Andrea Fischer Newman
About Andrea Fischer Newman
Andrea Fischer Newman, age 66, is a Class I director nominee at StandardAero (SARO) with deep airline industry policy experience. She served as Senior Vice President, Government Affairs at Delta Air Lines until 2017, following senior government affairs roles at Northwest Airlines from 1995 to 2008; she holds a JD from The George Washington University and a BA in history from the University of Michigan and is nominated to serve until the 2028 annual meeting if elected .
Past Roles
| Organization | Role | Tenure | Committees/Impact |
|---|---|---|---|
| Delta Air Lines | Senior Vice President, Government Affairs | Through 2017 | Guided industry response to 9/11, FAA Modernization Act of 2012, Open Skies enforcement efforts |
| Northwest Airlines | Senior Government Affairs roles | 1995–2008 | Led policy engagement prior to Delta merger |
| University of Michigan | Regent (elected to three terms) | 1995–2019 | Governance oversight for major public institution |
External Roles
| Organization | Role | Current/Prior | Committees/Impact |
|---|---|---|---|
| Sequitur Energy Resources | Director | Current | Not disclosed in proxy |
| PrimeFlight Aviation Services | Director | Current | Carlyle-affiliated portfolio ecosystem; potential interlock context |
| Borden Dairy | Director | Prior | Not disclosed in proxy |
Board Governance
| Attribute | Detail |
|---|---|
| Independence | Board determined Andrea Fischer Newman is independent under NYSE rules |
| Committee assignments | Member, Nominating & Corporate Governance Committee; not a chair |
| Committee meeting cadence (2024) | Nom & Gov did not meet post-IPO in 2024; Audit met 2x; Compensation did not meet; Executive did not meet |
| Board attendance | Each director attended ≥75% of Board and applicable committee meetings; Board met once in 2024 |
| Executive sessions | Independent directors meet in executive session regularly but not less than twice per year |
| Lead Independent Director | Paul McElhinney |
| Controlled company status | Carlyle beneficially owns >50%; SARO may rely on certain NYSE governance exemptions (not currently elected) |
| Director nomination source | Andrea Fischer Newman initially recommended by Carlyle |
Fixed Compensation
| Component | 2024 Amount | Notes |
|---|---|---|
| Fees Earned or Paid in Cash | $175,000 | 2024 director compensation table |
| Stock Awards | — | None recognized in 2024 table; see program and unvested awards below |
| Total | $175,000 | 2024 director compensation table |
| Non‑Employee Director Program (Post‑IPO) | Amount | Vesting/Terms |
|---|---|---|
| Annual cash retainer | $100,000 | Quarterly, in arrears |
| Initial/Annual RSU grant | $175,000 equivalent | Vests in single installment on earlier of day before next annual meeting or first anniversary of grant; full vest on change in control |
| Chair retainers | $15,000–$125,000 | Committee chair add‑ons; Andrea is not a chair |
Additional disclosure: Prior to IPO, Andrea elected to receive her Pre‑IPO annual retainer ($150,000) in Class A‑2 units that converted to restricted shares at IPO and were fully vested by year‑end 2024 .
Performance Compensation
Directors do not have performance‑tied pay at SARO; equity grants are time‑based. For pay‑for‑performance context, SARO’s 2024 AIP metrics for executives were:
| Metric | Weight | 2024 Result vs Target | Payout Level |
|---|---|---|---|
| Revenue (non‑GAAP) | 10% | $5,223.4 mm; 99.9% of target | 90% of target |
| Management EBITDA (non‑GAAP) | 50% | $644.1 mm; 102.7% of target | 110% of target |
| Operating cash flow (non‑GAAP) | 40% | $379.0 mm; 106.1% of target | 125% of target |
Note: Directors are not participants in the AIP; this table illustrates company performance metrics used for executive incentives, not director pay .
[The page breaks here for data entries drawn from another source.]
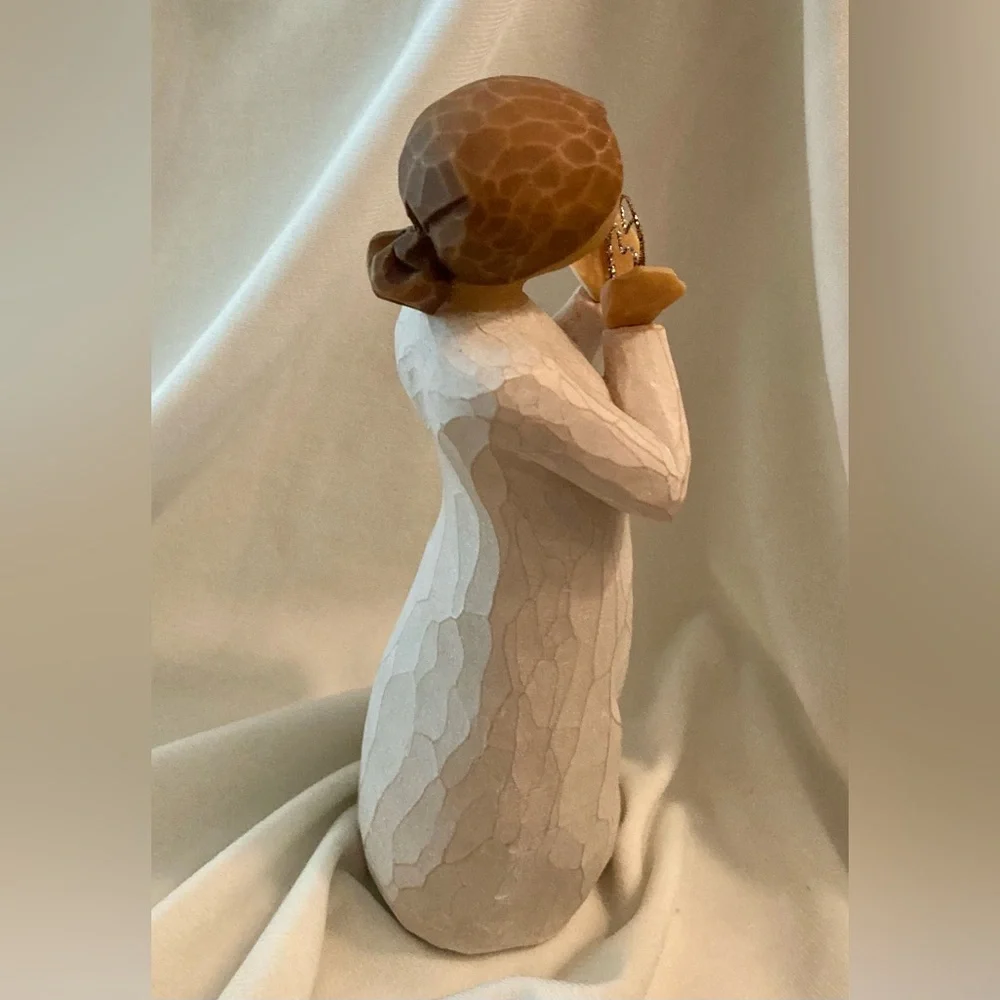 Willow Tree Lots of Love Figurine with Triple Silver Heart Size 5.25”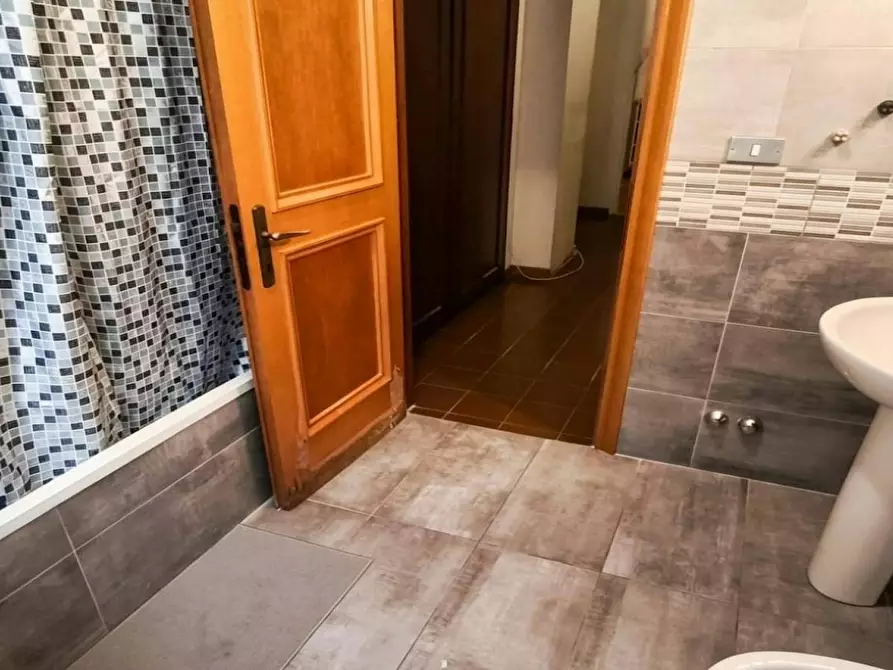 Immagine 5 di Camera in affitto  in Via Tiberio Imperatore a Roma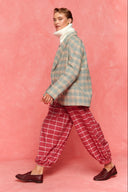 karavan fall winter 26' collection lamesa trousers pink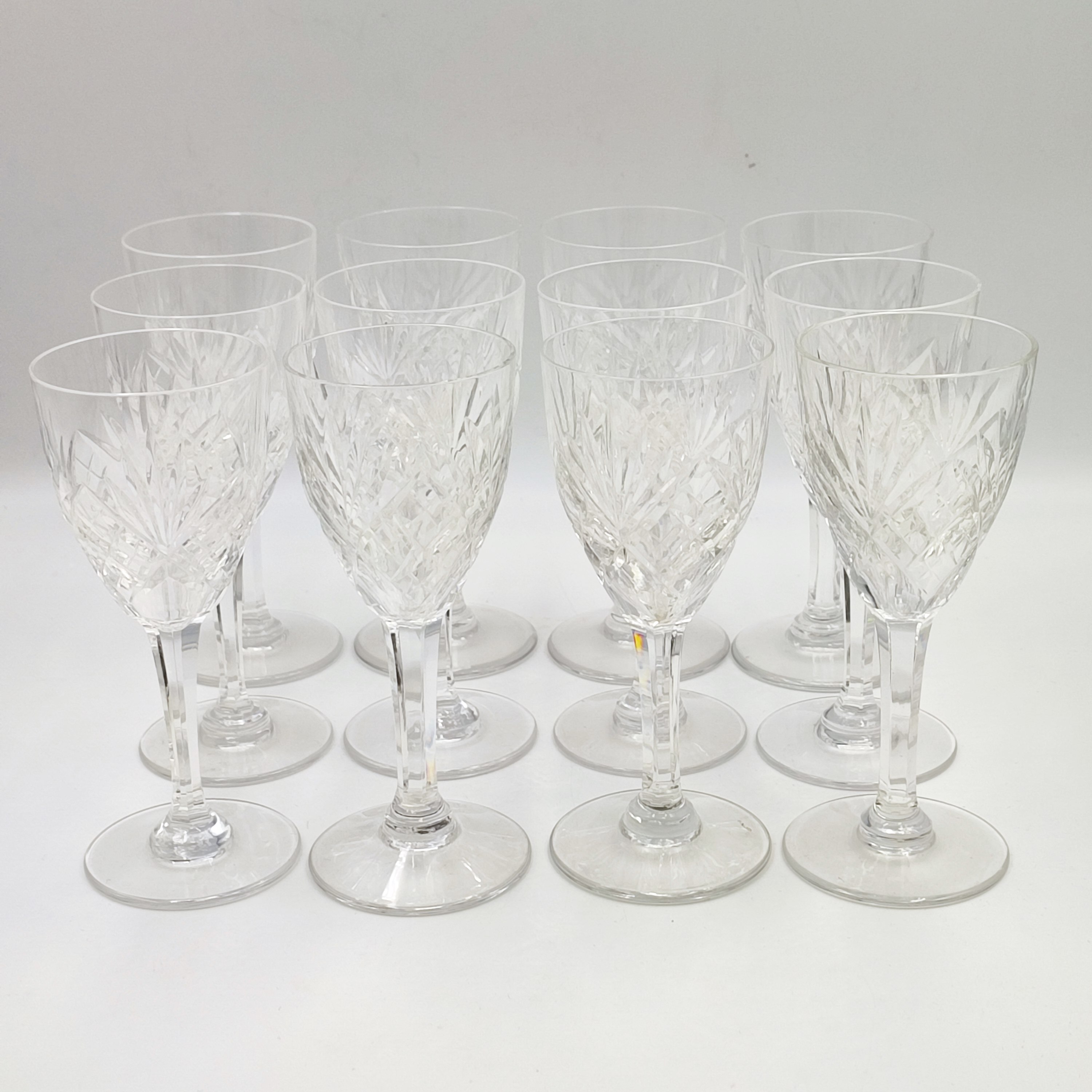 SAINT LOUIS CHANTILLY 12 VERRES A VIN 15 CM EN CRISTAL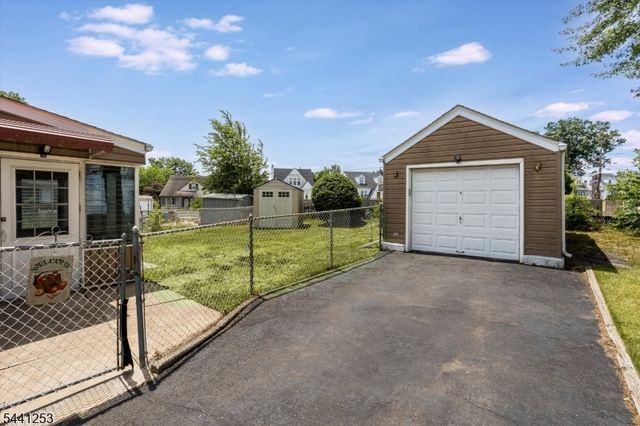 3 Lucien Pl, Linden City, NJ 07036
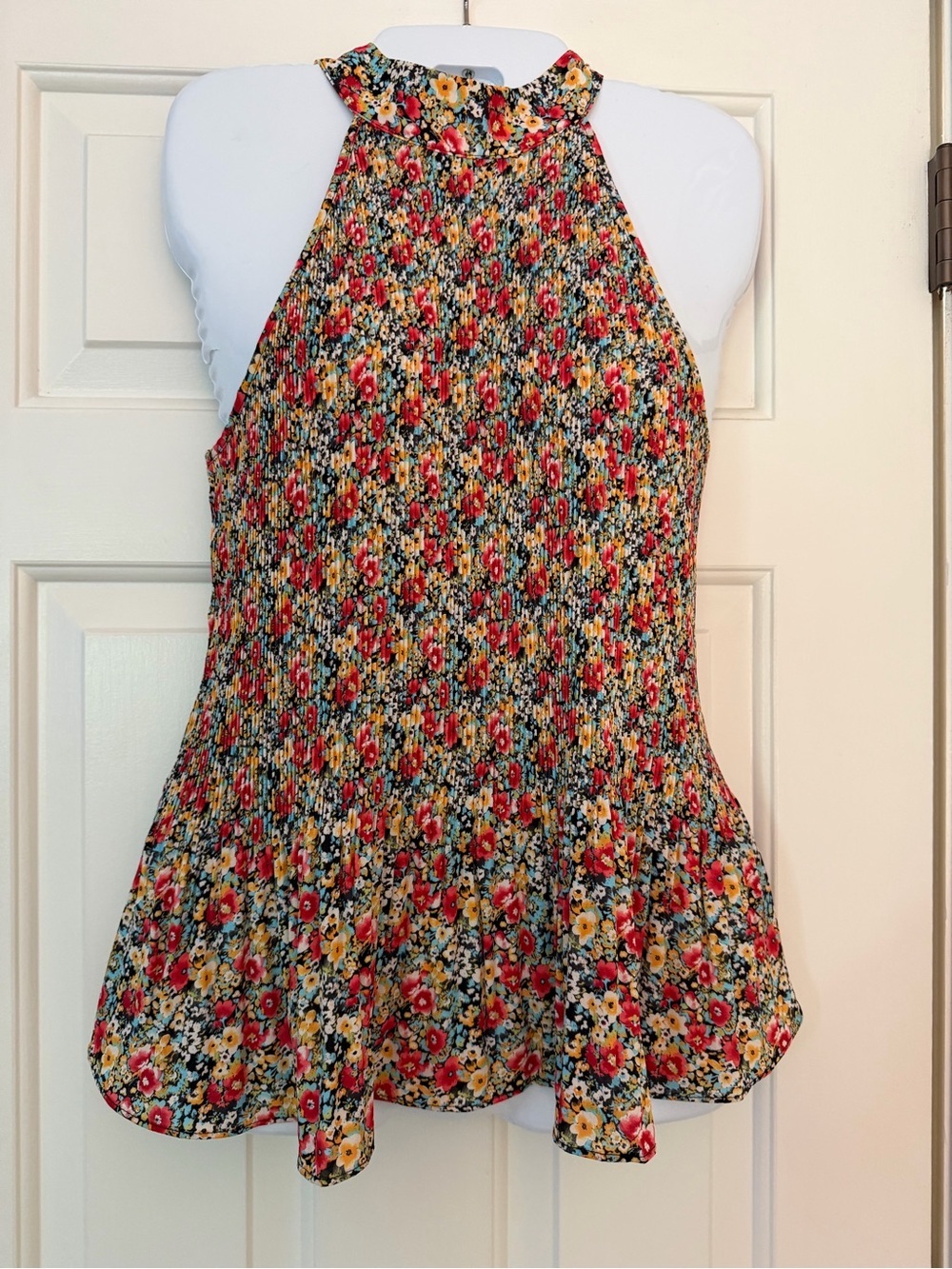 Pleione Floral Smocked Halter Tank Tie Neck Sleeveless Blouse Small
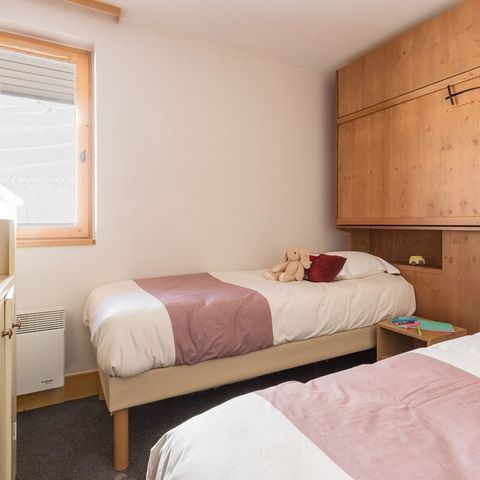 Appartement 4 personnes - 1 chambre - Vue sur la montagne - Orientation sud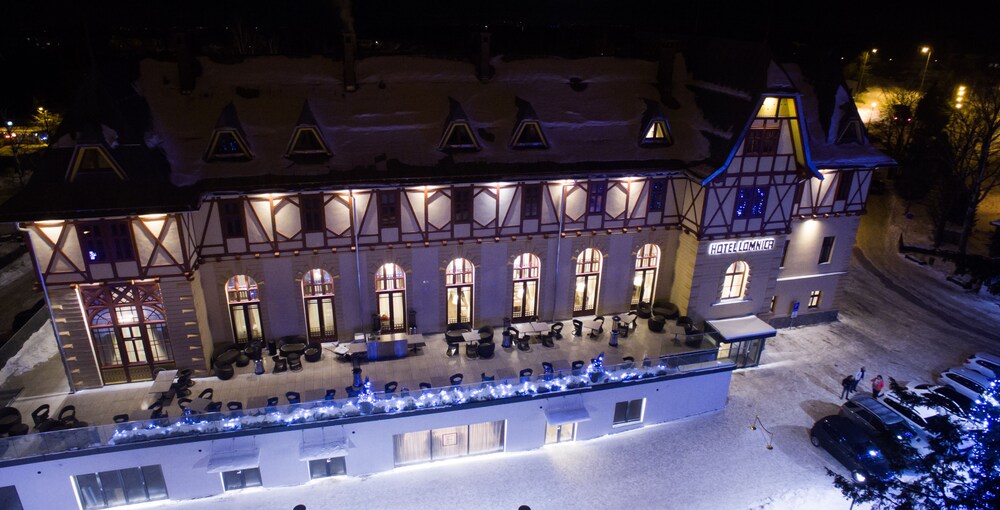 Façade de l'hôtel - Soir/Nuit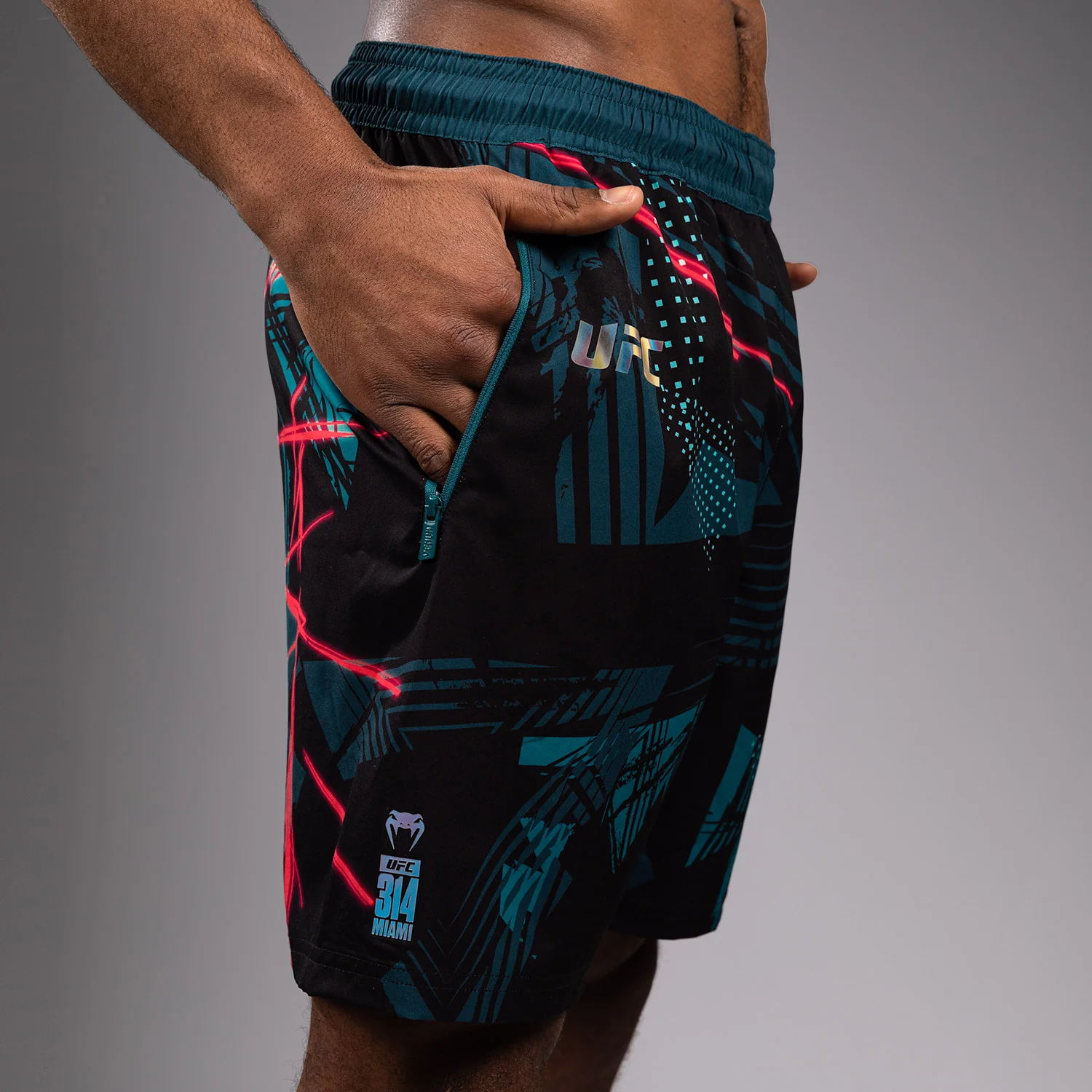UFC Fusion By Venum Miami Edition Fight Week Performance Pantalones cortos para hombre - Negros - Image 5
Other Directorships & Interlocks
| Item | Detail |
|---|---|
| Carlyle influence on Board composition | Carlyle has rights to designate up to 8 of 9 directors under Stockholders Agreement; Andrea was recommended by Carlyle |
| PrimeFlight Aviation Services | Andrea is a director; PrimeFlight noted in Carlyle portfolio network (Brandely prior board role) suggesting ecosystem interlock risk |
| Compensation Committee interlocks | None disclosed; no SARO exec served on other entities’ boards/comp committees with reciprocity in 2024 |
Expertise & Qualifications
- Decades of airline industry government affairs leadership, including crisis and regulatory advocacy (9/11, FAA Modernization Act 2012, Open Skies enforcement) .
- Legal training (JD, George Washington University) and governance experience (three elected terms as University of Michigan Regent) .
Equity Ownership
| Ownership Element | Shares | % Outstanding | Notes |
|---|---|---|---|
| Beneficial ownership (as of Apr 17, 2025) | 67,979 | <1% | Includes 5,903 unvested restricted shares per SEC counting rules if vesting within 60 days |
| Unvested restricted shares counted above | 5,903 | — | Included in beneficial ownership; separate from RSUs |
| Unvested stock awards outstanding (RSUs) | 14,525 | — | Director table; vests per director program schedule |
Stock ownership guidelines: Directors must hold shares equal to 5x annual cash retainer; five‑year compliance window; retention requirement to hold at least 50% of net‑settled shares until threshold met . Insider Trading Policy prohibits hedging and similar instruments for covered persons (including directors) .
Governance Assessment
- Independence and attendance: Board deemed Andrea independent; directors met ≥75% attendance in 2024; Nom & Gov Committee (her committee) did not meet post‑IPO in 2024, limiting visibility into committee engagement .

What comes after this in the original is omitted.